When approached by a police officer with an assistance order/warrant (“Order”), you should first ask the police officer to identify themselves. Make sure to see a badge and note the badge number.
Next, read the Order carefully and, if possible, make a copy. If the Order is an assistance order or search warrant – what areas are the police seeking access to and who is required to provide assistance? If the Order is an arrest warrant – who are they seeking to arrest? Make sure that the address and any name on the Order is accurate. If any part of the Order is inaccurate, send the police back to get a correct Order.

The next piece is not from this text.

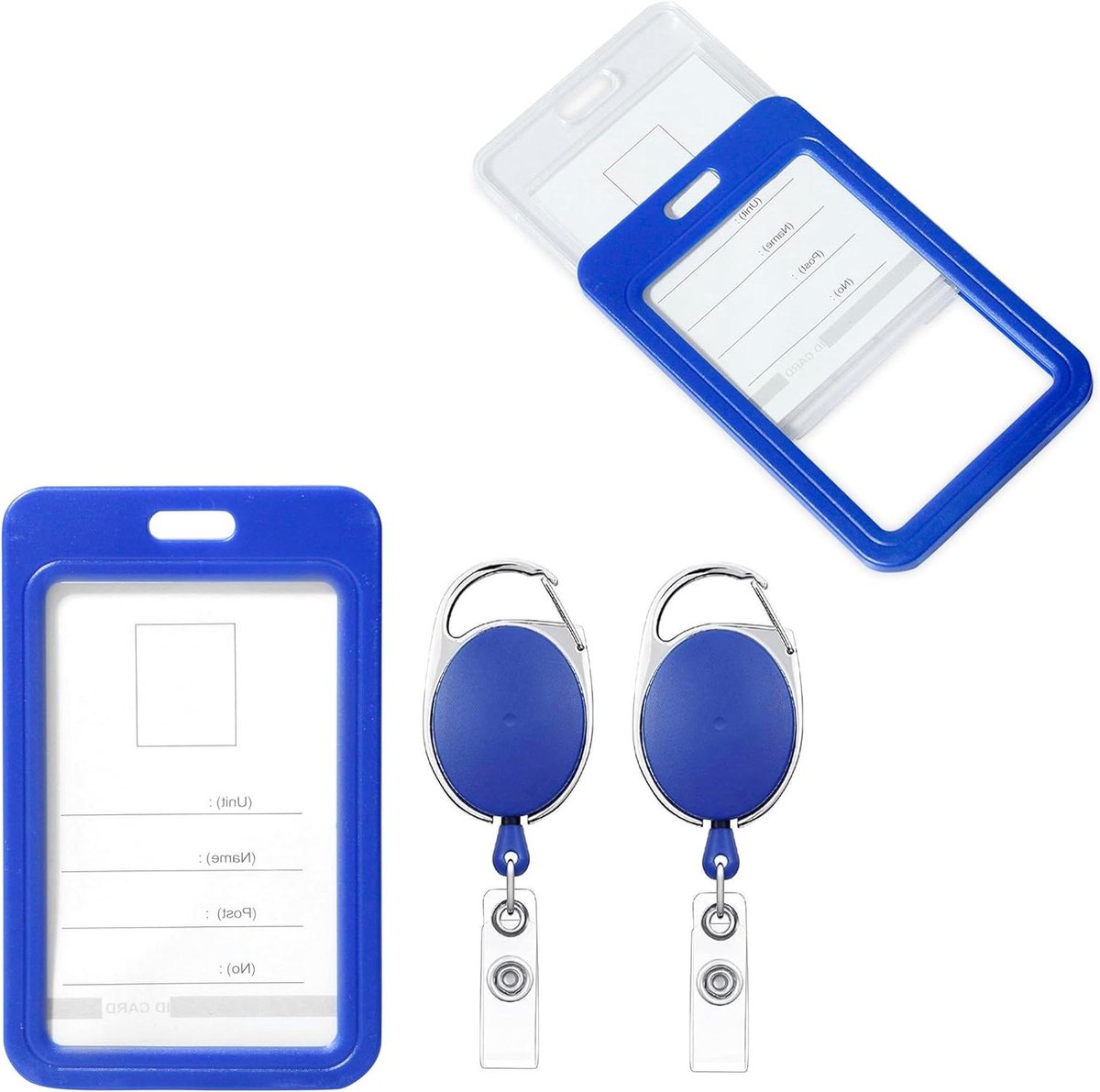 Badgehouder Set - Kaarthouder - Veilige Toegang - Uitschuifbare Reel - 2 Stuks - Blauw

If there is any confusion about whether or not you must comply with an Order you have received, we recommend that you tell the police officer that you want to cooperate, but must seek legal advice before doing so. Often times Orders are ambiguous and require legal interpretation. For instance, a condominium corporation may be presented with an Order requiring anyone who has “control” of a unit to provide the police access to that unit. The condominium corporation may have a key to the unit, but does that mean that the condominium corporation is in “control” of the unit? Arguably, since the condominium corporation does not own the unit, it does not have control of the unit. In such a circumstance, out of an abundance of caution and to ensure that the corporation will not incur liability, we would recommend asking the police to obtain a new Order specifically requiring the condominium corporation to provide access to the unit in question or to provide the police with a copy of the key to the unit.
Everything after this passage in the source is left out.